*Data supplied*
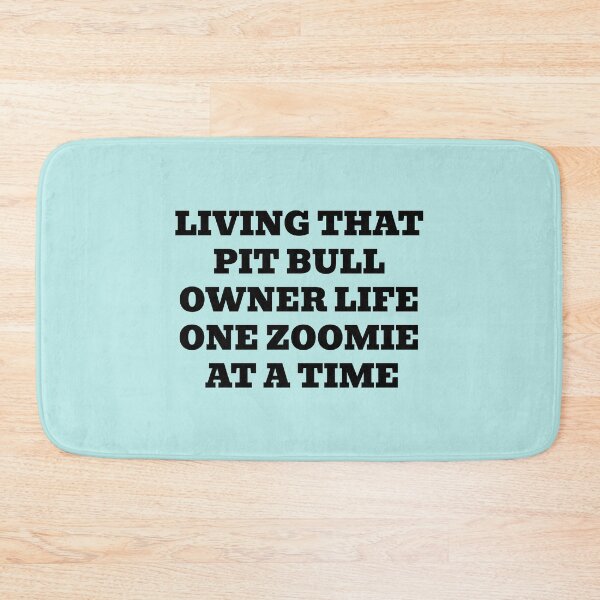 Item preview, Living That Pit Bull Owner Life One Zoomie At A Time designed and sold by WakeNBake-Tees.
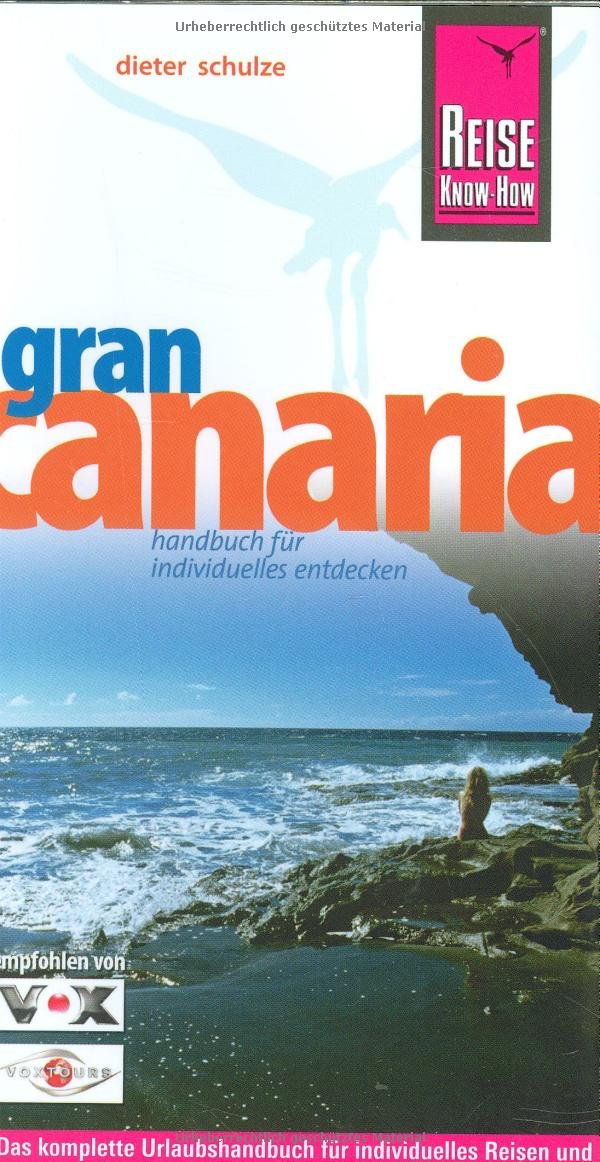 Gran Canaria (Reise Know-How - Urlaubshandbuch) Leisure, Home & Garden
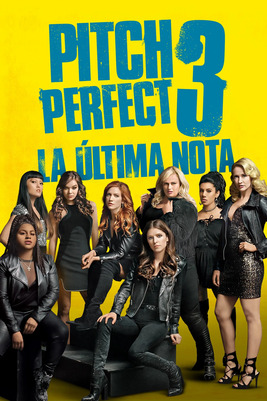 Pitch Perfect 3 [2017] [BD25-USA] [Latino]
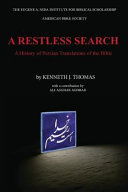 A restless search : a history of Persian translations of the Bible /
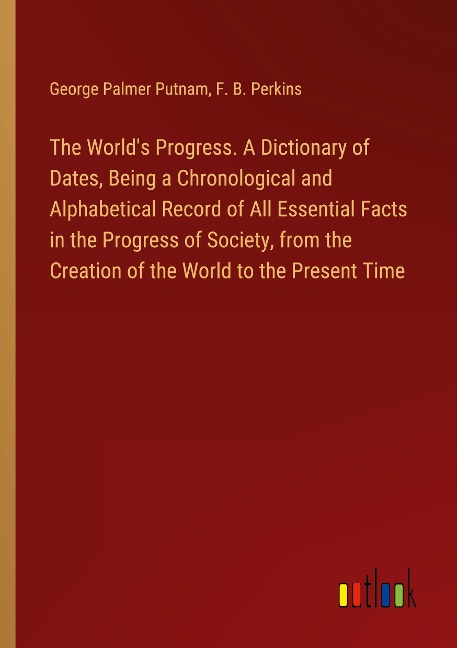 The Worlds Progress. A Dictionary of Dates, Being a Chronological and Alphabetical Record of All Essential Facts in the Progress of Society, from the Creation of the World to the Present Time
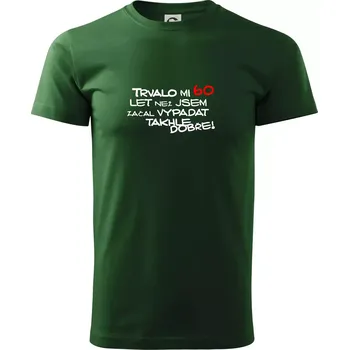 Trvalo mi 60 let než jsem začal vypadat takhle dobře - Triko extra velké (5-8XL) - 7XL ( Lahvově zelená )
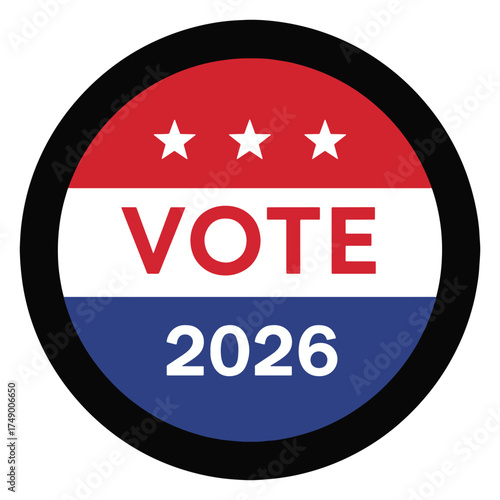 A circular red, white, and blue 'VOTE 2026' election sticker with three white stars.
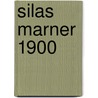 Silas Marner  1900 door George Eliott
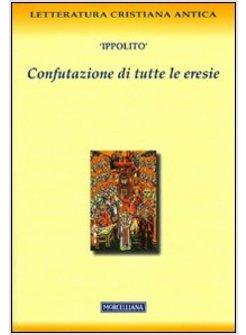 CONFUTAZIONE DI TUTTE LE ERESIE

*What to do*
Please write out the lines from the one that holds "Pitch Perfect 3 [2017] [BD25-USA] [Latino]" through the end of the material, both ends included, exactly and with no pictures.

*Result below*
 Pitch Perfect 3 [2017] [BD25-USA] [Latino]
 A restless search : a history of Persian translations of the Bible /
 The Worlds Progress. A Dictionary of Dates, Being a Chronological and Alphabetical Record of All Essential Facts in the Progress of Society, from the Creation of the World to the Present Time
 Trvalo mi 60 let než jsem začal vypadat takhle dobře - Triko extra velké (5-8XL) - 7XL ( Lahvově zelená )
 A circular red, white, and blue 'VOTE 2026' election sticker with three white stars.
 Silas Marner  1900 door George Eliott
 CONFUTAZIONE DI TUTTE LE ERESIE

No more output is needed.